# Interpretation of partial derivatives of vertical coordinate with respect to $x$ and time

My question is from my lecturers notes, this is what he wrote and I don't know what he is on about :

What is a physical meaning of partial derivatives of $y(x,t)$? $y_x(x,t)$ is the rate of change of the function along the $x$-axis,i.e. a slope of the string at a point x at a given instant of time.

So just hold $t$ constant and what is the rate of change of $x$ at a constant $t$?

Then he says:

$y_t(x,t)$ is the rate of change of the function along the $x$-axis i.e. a vertical velocity of point on the string, having a horizontal coordinate $x.$

I have no idea about that. I would think that the second one would just mean the rate of change of $t$ when $x$ is constant but plainly I don't understand something here.

I guess it could also mean if the overall function is in terms of $t$ and $x$ then if $t$ changes so does the rate of change of $x$ for a given value of $t.$ Because it is like you're taking lots and lots of different slices of some object. That is the only thing I can think of.

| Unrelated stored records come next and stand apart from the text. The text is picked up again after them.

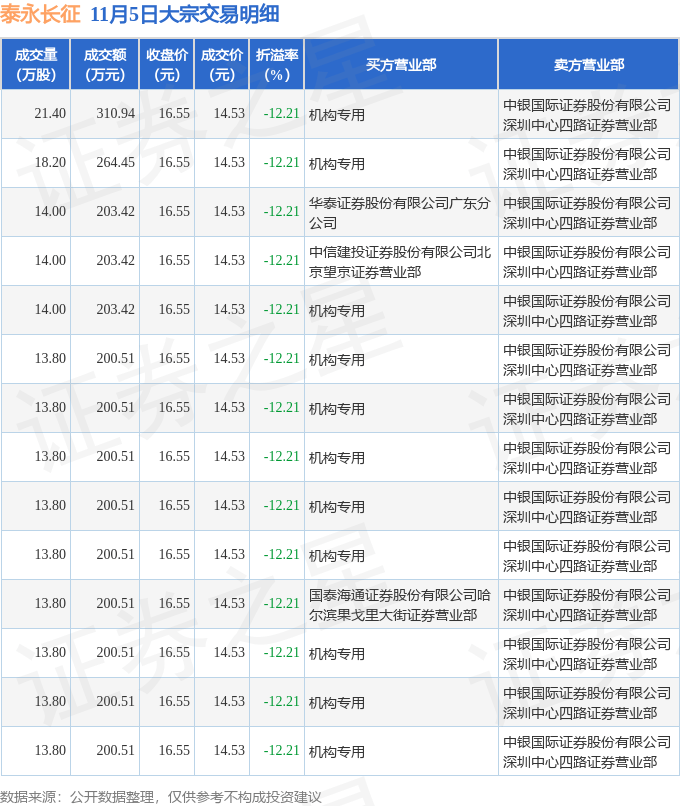 极米科技现2笔大宗交易 合计成交5.80万股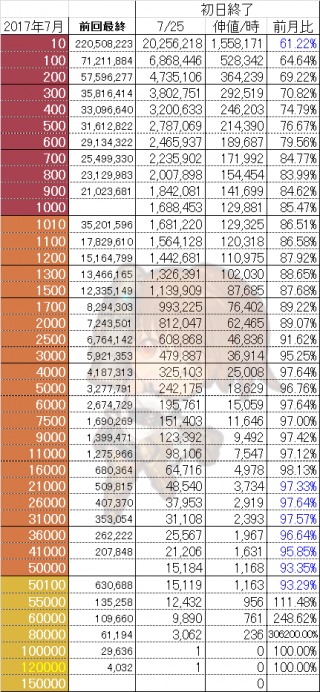 スクスト学校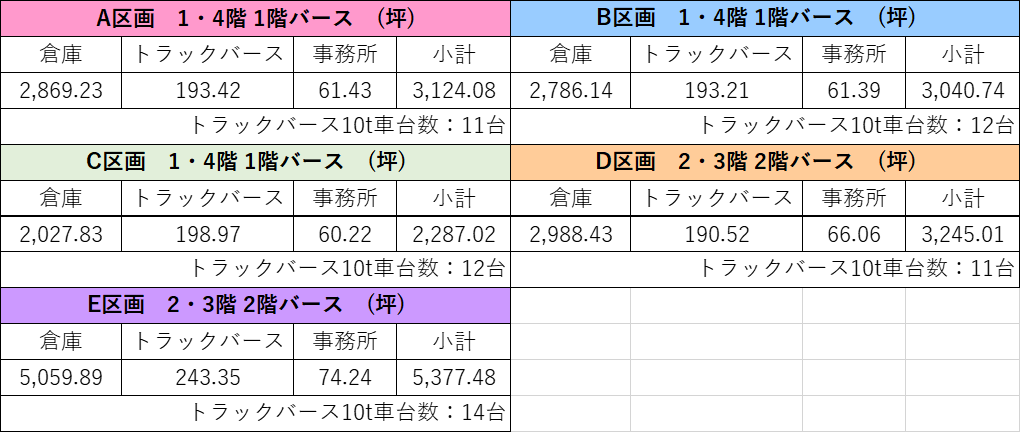 入居募集詳細情報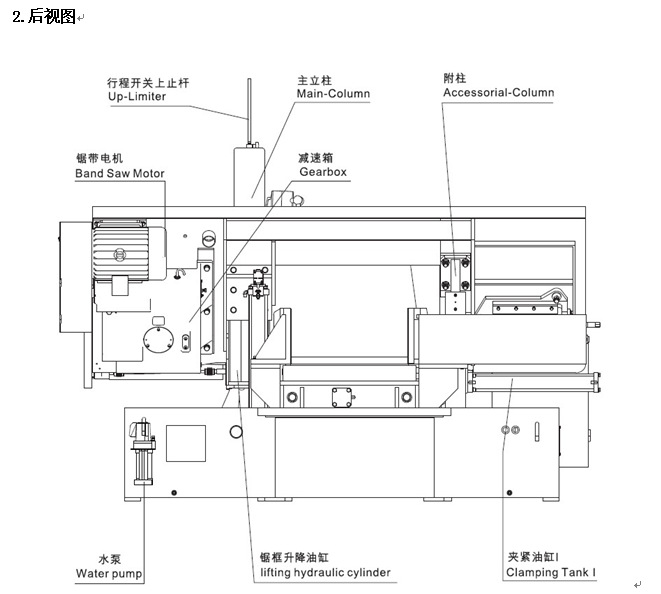 卧式双柱型锯床金属ec4235带锯床
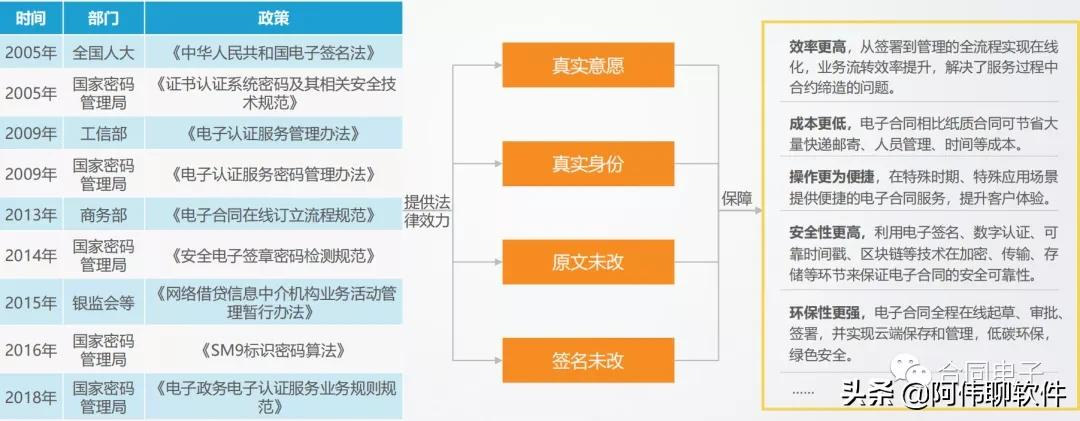 电子合同知识普及（一）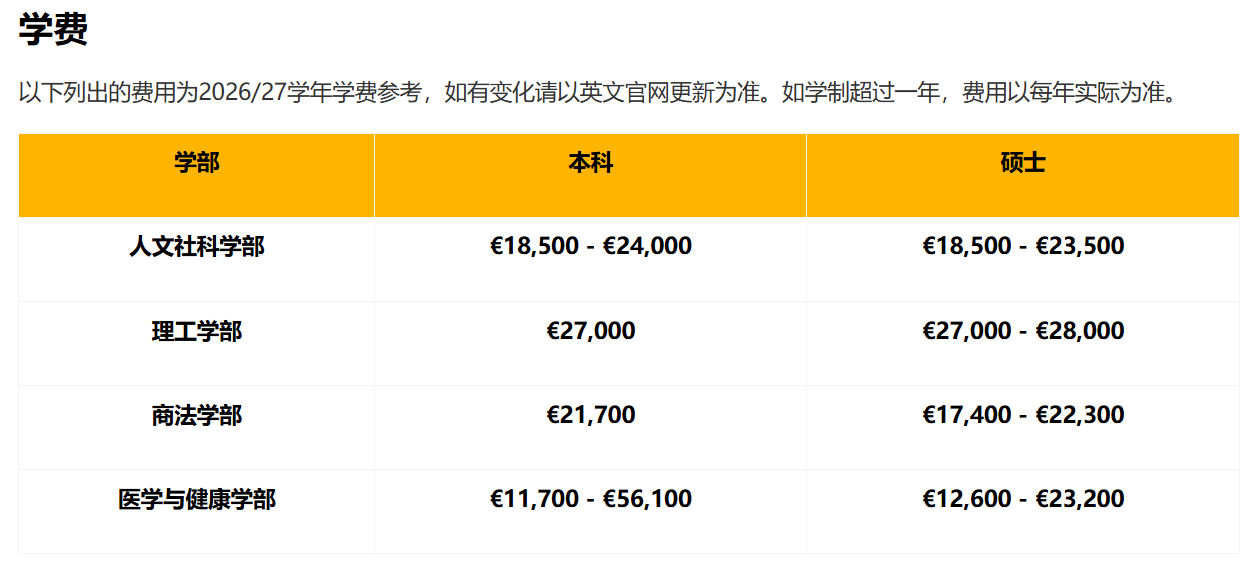 爱尔兰留学_爱尔兰留学申请_欧洲留学-爱尔兰国立科克大学官网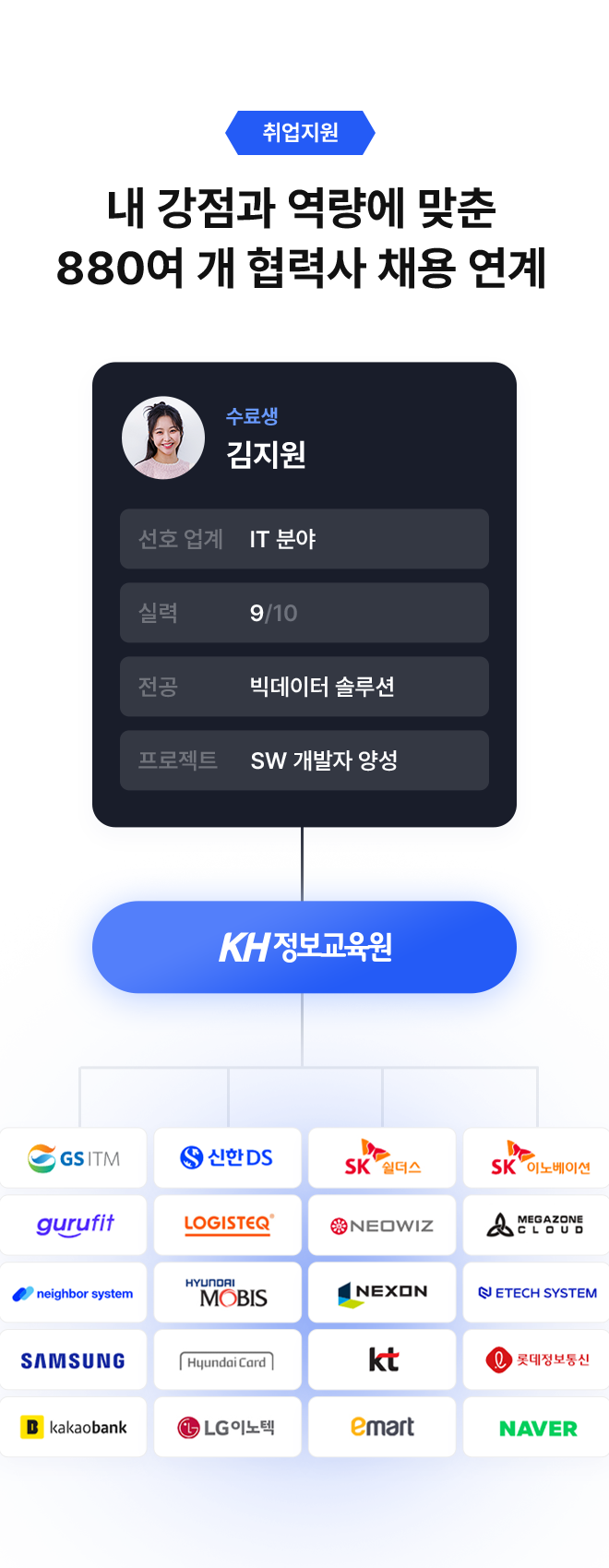courseDb 이미지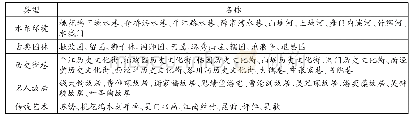 《表1 苏州古城的旅游资源》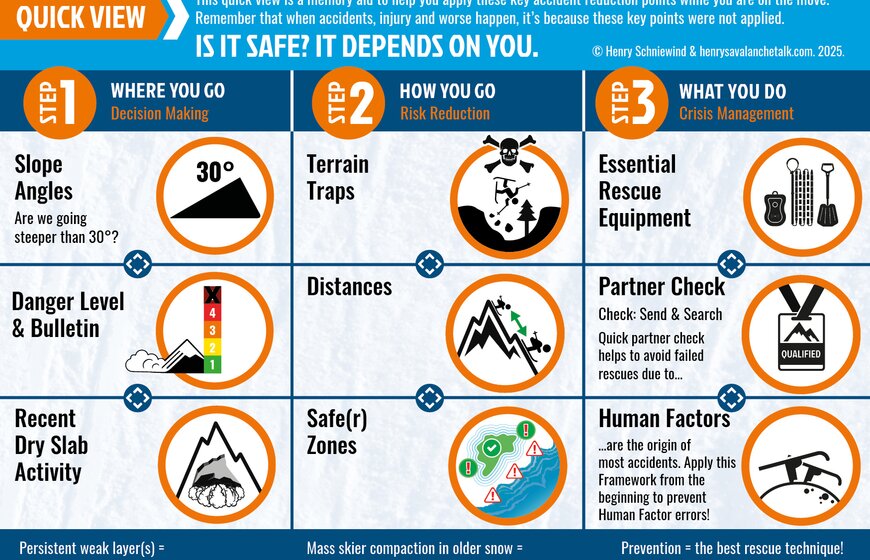 Graphic showing Safety is Freedom Framework 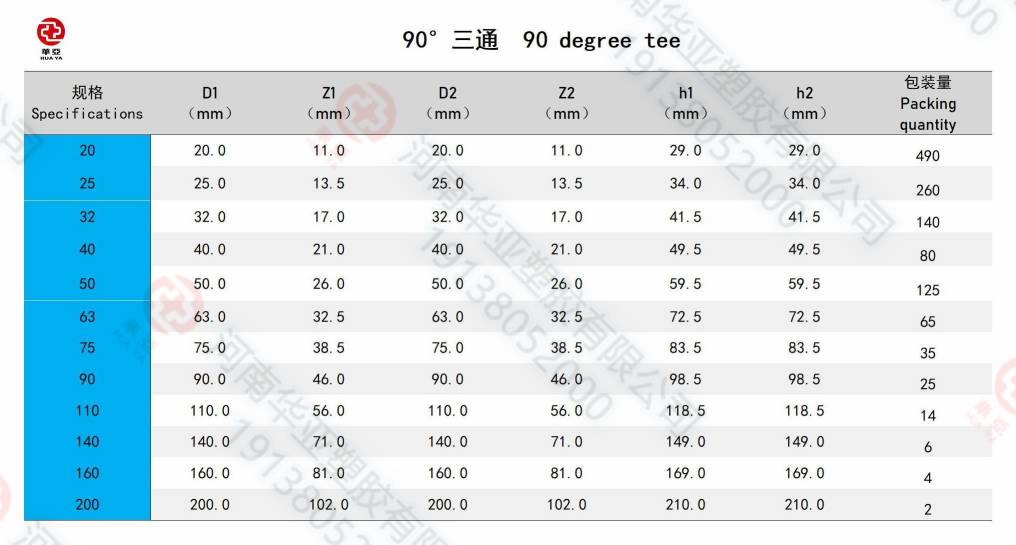 90度三通规格(1).jpg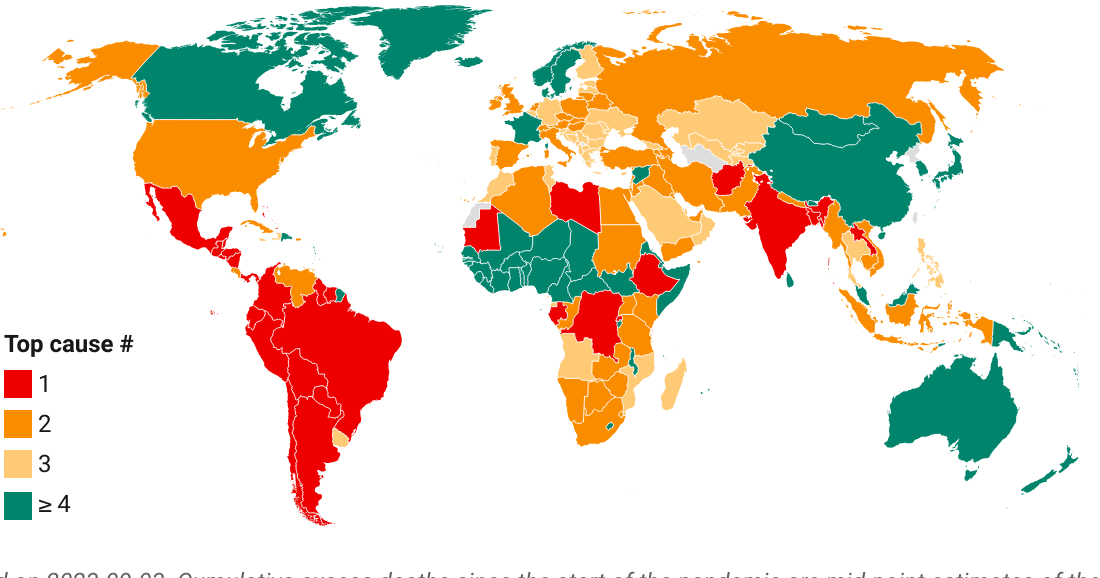 The global picture of excess deaths is disturbing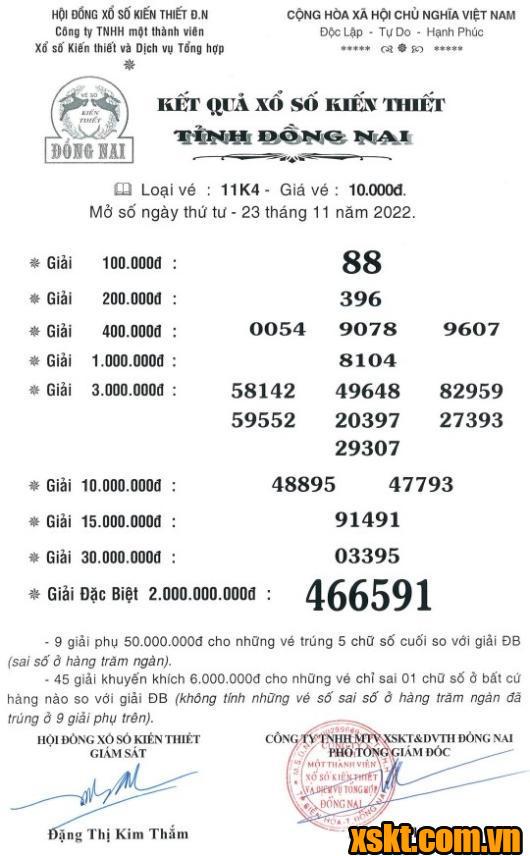 XSDN ngày 23/11/2022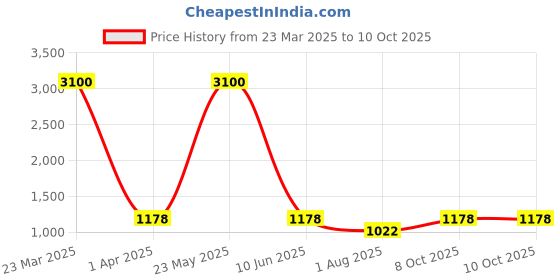 myntra.com EL REGALO Pack Of 5 Patterned Calf-Length Socks el regalo Price History Graph from 23 Mar 2025 to 10 Oct 2025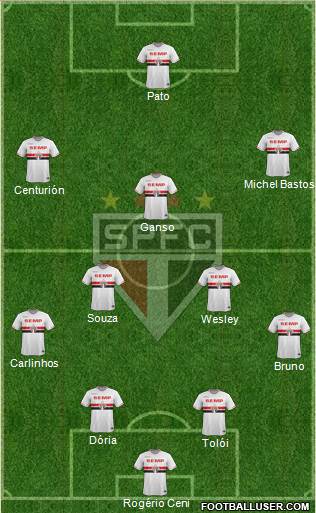 São Paulo FC Formation 2015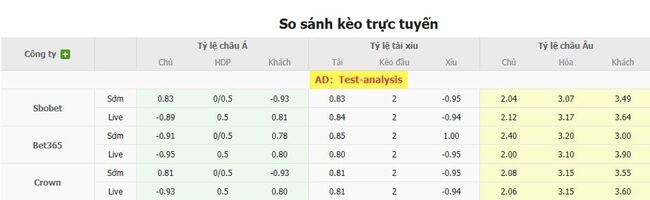 Tỷ lệ cược cho cuộc so tài Vasco Gama vs Gremio (RS)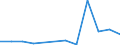 Exporte 20145133 Thiocarbamate und Dithiocarbamate/ Thiurammono-, -di- oder -tetrasulfide/ Methionin                                                                                                             /in 1000 Euro /Meldeland: Lettland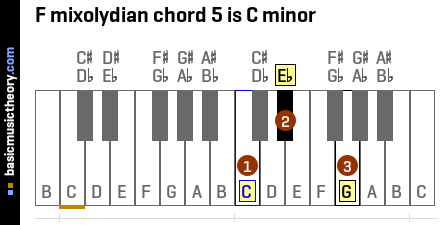 F mixolydian chord 5 is C minor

Sorry, not looking for the mathematical definitions just trying to understand this intuitively.

Thanks,

• I guess there is a typo and the latter should be "$y_t(x,t)$ is the rate of change of the function along the $t$-axis". – JiK Aug 19 '14 at 11:48
• Actually it says yt(x,t) is the rate of change of the function y(x,t) in time at a point x, i.e a vertical velocity of a point on the string having a horizontal coordinate x. <--- actually does that kind of mean the same thing as the rate of change along the t axis ? – Nick Aug 19 '14 at 11:52

This requires some physics intuition, but the rate of change with respect to $t$ of a position (like $y(x,t)$ in this case) is a velocity.
Movement in the $y$ direction is vertical, so in this case $y_t(x,t)$ describes the vertical velocity at a time $t$ and a position $x$.
I think it should say $y_t(x,y)$ is the rate of change of the function along the $t$-axis (not the $x$-axis). Whichever variable you differentiate with respect to, everything else remains constant.
The geometric intuition I think is usually the best for illustrating what derivatives are. Think of it as the definition of an ordinary derivative. You give the argument a little change and look at what happens with the function value. If that change is infinitely small, then the ratio of the change in the function value and the argument change is your derivative. Now think of some surface $z=z(x,y)$ that you want to find partial derivatives of. If you take a slice of that surface parallel to the $xz$-plane, the surface will leave a path on that slice. If you look at that path as a single argument function (i.e. a slice of that surface with a constant $y$-value), your definition of a partial derivative w.r.t $x$ reduces to an ordinary derivative. If you want to differentiate w.r.t $y$, slice parallel to the $yz$-plane.